Yup don’t miss that place one bit!
CRUSH BABY! CRUSH!!!
Just what we need more apartments; yay.. Good luck when the sewer and water systems fail..
I don’t like to see Fiesta closing stores. Their merchandise is inexpensive and if you’re adventurous, their meat department offers things few other big grocery chains offer. They are the antithesis of Whole Foods in the best (and yes, sometimes worse) possible way. I always loved how you could use their carts to walk your groceries home at the 14th/Studewood location. Talk about pedestrian-friendly!
@Anse – “I always loved how you could use their carts to walk your groceries home at the 14th/Studewood location.”
The Fiesta knowingly allowed this? Most stores call this theft.
@Walt, I wouldn’t say they “knowingly allow” it, but both that store and the one of 23rd have a driver with a pickup that goes around and collects the carts from the neighborhood almost daily. If you see an orphan cart on your street, you just call the store manager and they send the truck out right away.
@walt Somey grocery stores pay people to ride around apartment complexes collecting carts in the AM. I see them all the time.
Can’t wait to see the MMMM.
(Marvy’s Montrose Mediterranean Monstrosity.)
The late Fiesta at Dunlavy at W. Alabama and the one on Fannin @ Wheeler both also sent/send trucks around the neighborhoods to pick up the carts.
To all those who are pointing out that the Fiestas send around trucks to pick up the carts – yes, I acknowledge that they do this. But this does not mean that they willingly allow people to take their carts to wheel groceries home and then leave them abandoned on the side of the road. The cart recovery trucks are a loss reduction effort, not a customer service offering. Can anyone say, with a staight face, that a business would tell customers, “Yes, you may take our property without paying for it, abandon it wherever you like, and then we’ll go looking for it in hopes of minimizing our losses.” Of course not. Just because a business attempts to recover their property does not mean they gave you permission to take it in the first place.
The carts run $500-600 a piece, they have small tracking devices installed, and they pay someone to retrieve them. Most places also have wheel locks when they exceed a certain distance from the store they lock a front wheel, making it difficult at best to move the cart. The Aldi way of doing this makes far more sense though, insert a quarter and you get your cart, when you return it your quarter is returned — smart..
That was my favorite grocery store. The employees were very nice, the food was good and cheap, and I loved the music on the PA.
Why do I doubt the carts in question have these sophisticated devices….
Ahhh… Marvy’s shiny new Turd, for our neighborhood.
And it burns me up when someone buys $30 worth of groceries and steals a $300-500 cart to take it home.
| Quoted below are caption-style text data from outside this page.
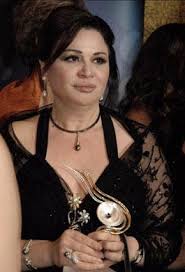 اخبار الفنانين المصريين, عادت الي القاهرة الممثلة المصرية الهام شاهين قادمة من العاصمة اللبنانية. Ø¥Ù„Ù‡Ø§Ù… Ø´Ø§Ù‡ÙŠÙ† ÙˆØ³Ø§Ø±Ø© ÙØ±Ø­ Ù†Ø¬Ù…ØªØ§ 1 Ù…Ø§Ø±Ø³ Ù†ÙˆØ§Ø¹Ù…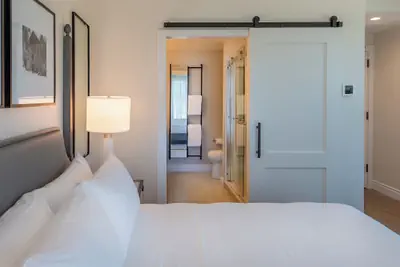 Photo 5 - Hotel E
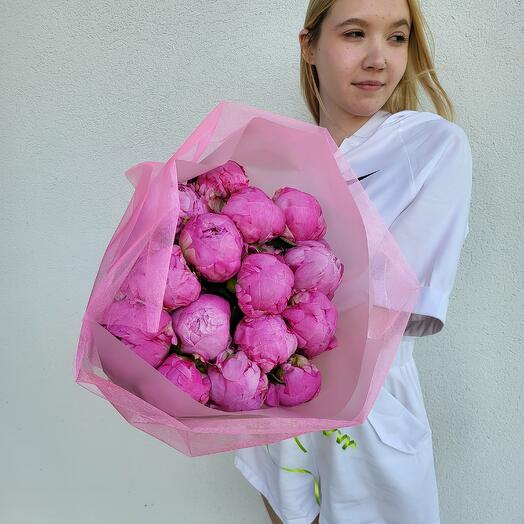 Монобукет из розовых пионов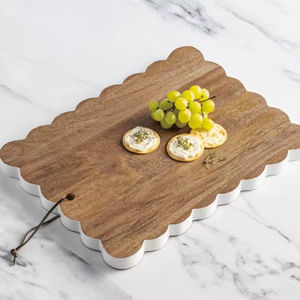 Planche à découper antique en bois de manguier - Product Image 1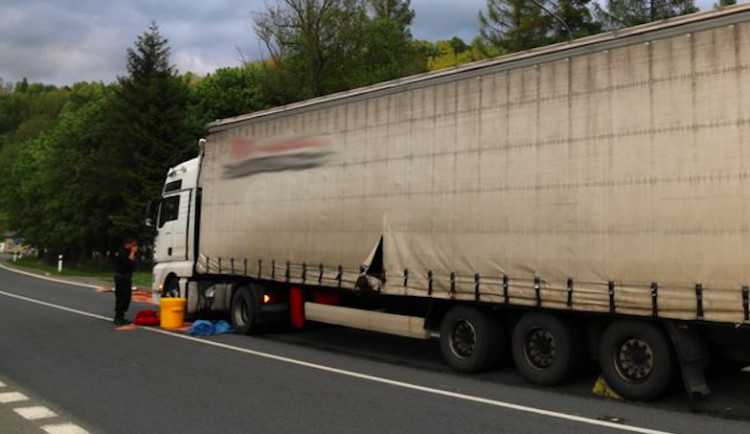 Kamioňák vjel na opravovaný úsek silnice na Červenohorském sedle. Způsobil škodu za šest milionů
We all pay for that!
Wilshire Village was an eyesore. So was this entire shopping center. The new HEB and these apartments are a DRAMATIC improvement for the neighborhood.
Keep up the good work Houston. There’s still lots of crap in the neighborhood that could benefit from an introduction to a bulldozer.
Wrong.. Wilshire Village was classic art deco, and a classic that direly needed to be renovated. I enjoy the HEB but would have preferred the oaks and the cool design of the former structures. I also liked that Fiesta, and it’s gigantic (albeit unnecessary) parking lot. What I don’t like is more Fingers apartments, in some ersatz Mediterranean style – sounds uber tacky to me.